| What to work on |
Reproduce verbatim the line containing "Houston, TX 77088" and every line that follows it through the end of the entries below, omitting all pictures.

Web page caption snippets
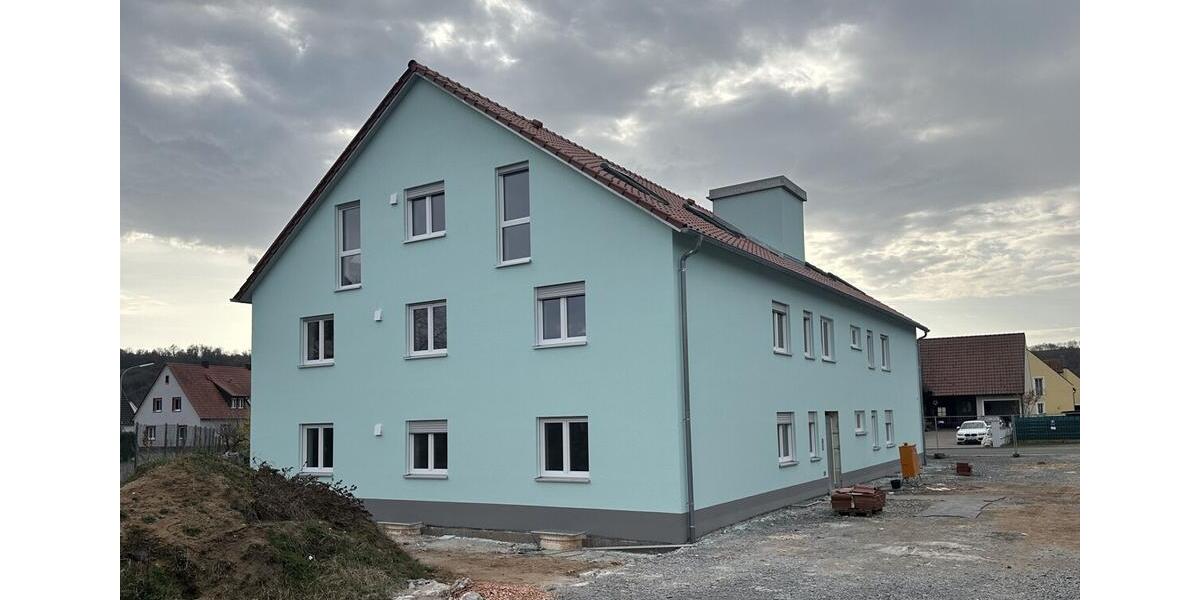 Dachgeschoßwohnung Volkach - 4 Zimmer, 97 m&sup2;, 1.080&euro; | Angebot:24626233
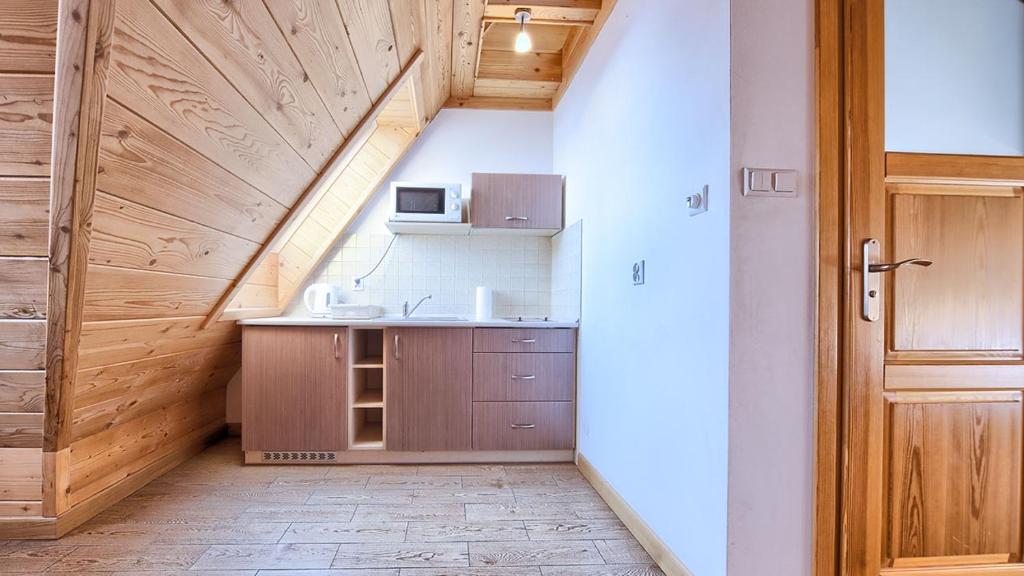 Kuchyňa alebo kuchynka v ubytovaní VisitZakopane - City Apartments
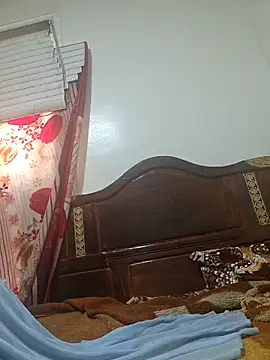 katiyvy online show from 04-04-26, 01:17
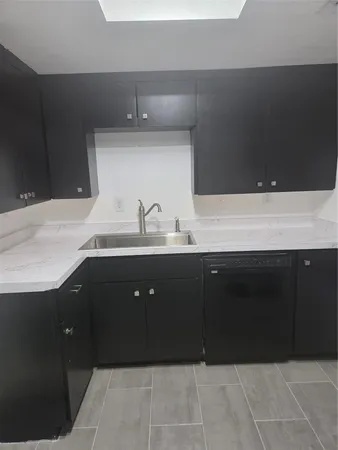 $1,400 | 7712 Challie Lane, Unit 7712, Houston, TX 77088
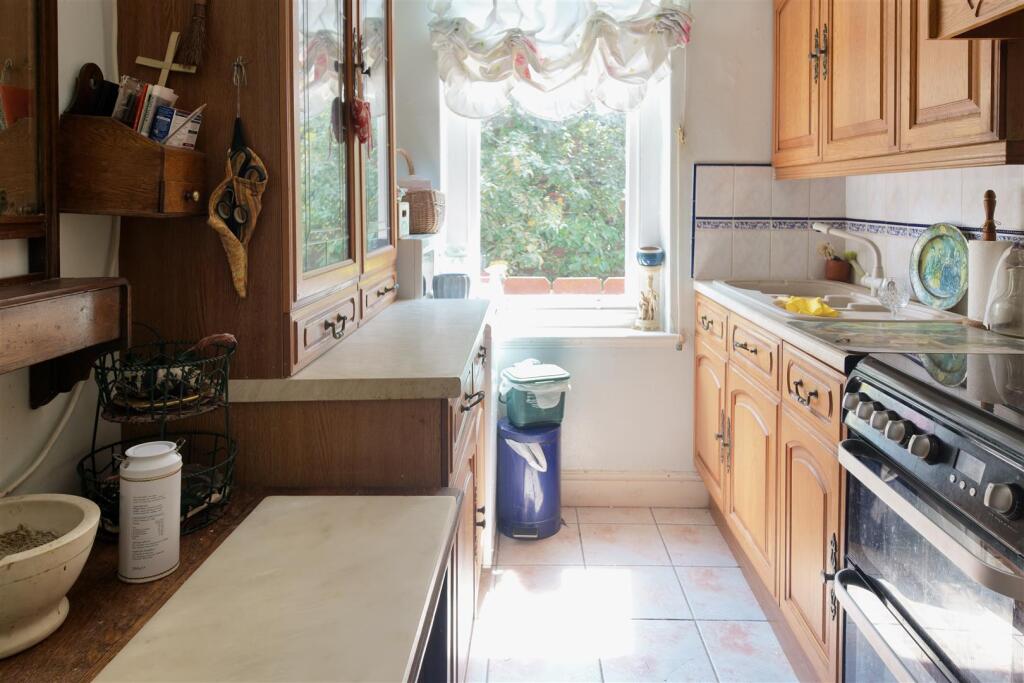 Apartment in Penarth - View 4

| Output for this exercise |
 $1,400 | 7712 Challie Lane, Unit 7712, Houston, TX 77088
 Apartment in Penarth - View 4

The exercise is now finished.